When the sulfur market deteriorated, Landry explained, McMoRan made its decision to stop the hemorrhaging by shutting the mine down altogether. But that left the company with offshore hardware whose cost was greater than that for oil and gas production alone. To abandon it would have added insult to injury.

But, he continued, one of the reasons for the sulfur market crash had been the advent of much higher natural gas prices. That, along with growing indications that domestic gas production would soon fall behind skyrocketing U.S. demand, led McMoRan to consider the new application for the Main Pass facilities. The result was the conceptual plan to convert the mining facilities into the LNG/CNG terminal.

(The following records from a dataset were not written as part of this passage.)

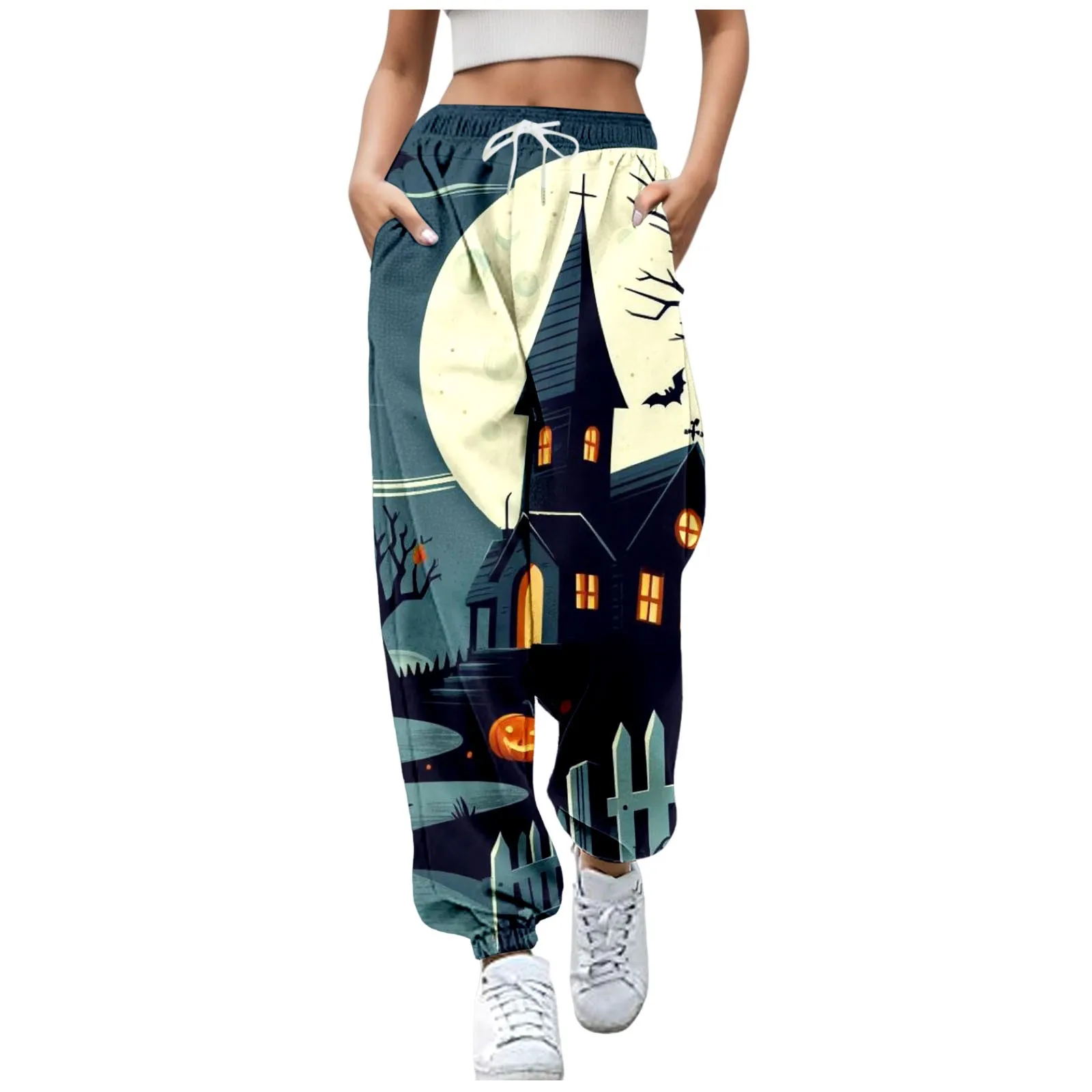 High Waisted Elastic Lace Up Athletic And Casual Women's Casual Pants For Women Autumn And Winter Halloween Printed pants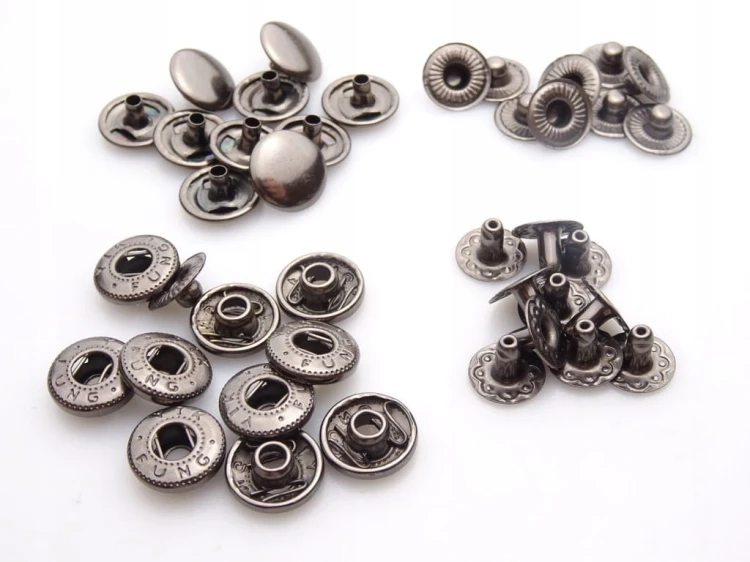 Napy zatrzaski kaletnicze Alfa 10 mm 50 sztuk czarne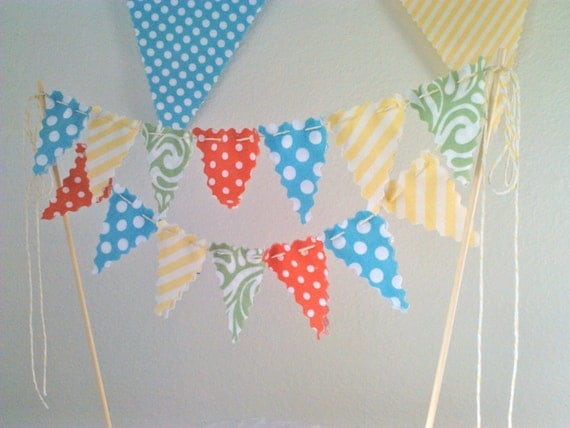 Cake topper Bunting Flags Coral, Yellow, Aqua and Sage Il_570xn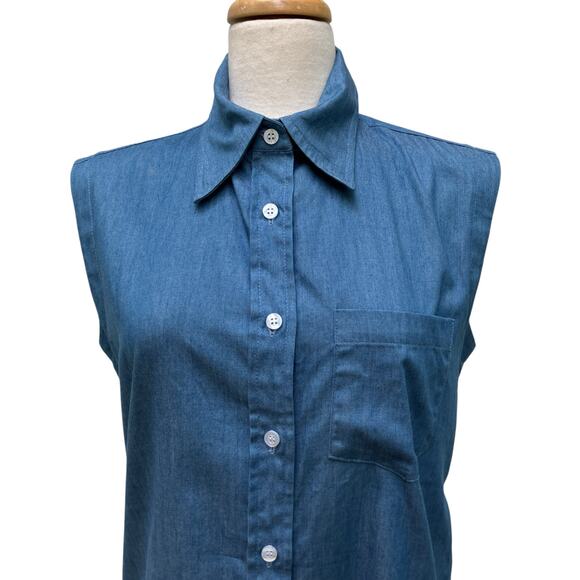 Kal Rieman Top Shirt Sz S Blue Chambray Sleeveless Button Up Western Casual - Picture 2 of 9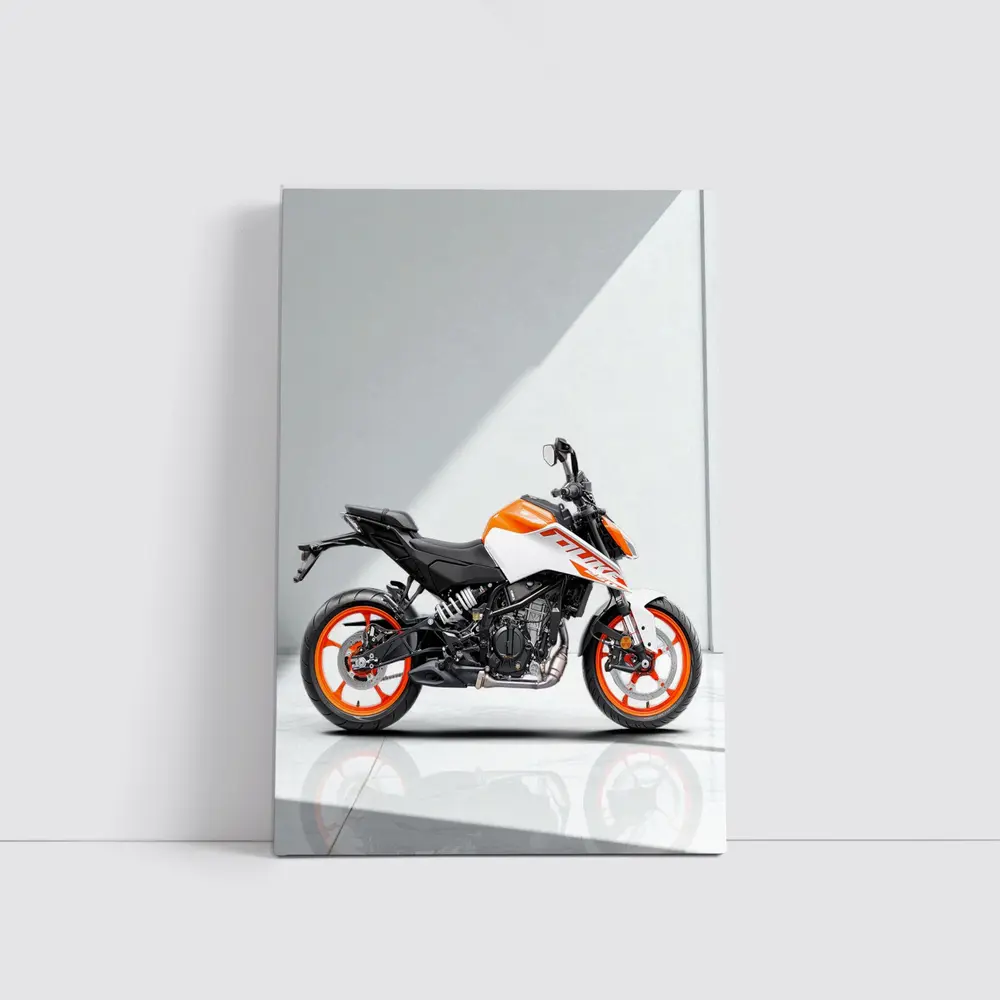 KTM Duke Motorcycle White Orange Studio – Wall Art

"We began work about a year ago," Landry said. "Since then, we've removed all the nonessential platforms, leaving several others to serve as core platforms for the Energy Hub. Both the Coast Guard, which controls the permitting for deepwater ports, as well as the shipping industry have embraced the conceptual design, and we're now preparing a permit application that should go to the Coast Guard early next year." A one-year review process would follow, he said, which could allow McMoRan to have the facility up and running by 2006.

Landry acknowledged that the recent rush to institute new LNG facilities in the U.S. has led to about 22 separate proposals for various U.S. coastal or offshore locations, about a third of which will actually be built.

However, he said further, the Main Pass Energy Hub is unique in several ways. First, it's currently the only new LNG facility proposed for the eastern Gulf of Mexico area, which would give it ready access to pipeline distribution points taking gas to both Florida and northeastern U.S. markets. Second, he pointed out, while all other proposed LNG terminals will have to be built from scratch, much of the Main Pass Energy Hub already is in place by dint of the converted mining facilities.

Meanwhile, the other McMoRan Exploration unit, Freeport-McMoRan Energy, currently is involved in the search for deep natural gas reserves beneath leases it owns in extremely shallow water--some in 20 ft. or less--on the outer continental shelf. Already, the company has begun developing several of these deep gas (at or below well depths of 15,000 feet) prospects in both federal and state waters, and has identified up to 20 more it says are high-potential, high-risk prospects, most of them targeting deep gas.

The shallow-water, deep gas play is one of the most active offshore exploration arenas in the country just now, due mainly to higher market prices and the perceived shortage in gas supply. What's more, companies involved can earn relief from royalties on the first 20 billion cf of production from such wells.

In addition, McMoRan also has acquired some deepwater leases, and is planning to develop at least one of them as soon as they can find working interest partners. So, on many fronts in the GOM, McMoRan continues to forge ahead and make its own luck.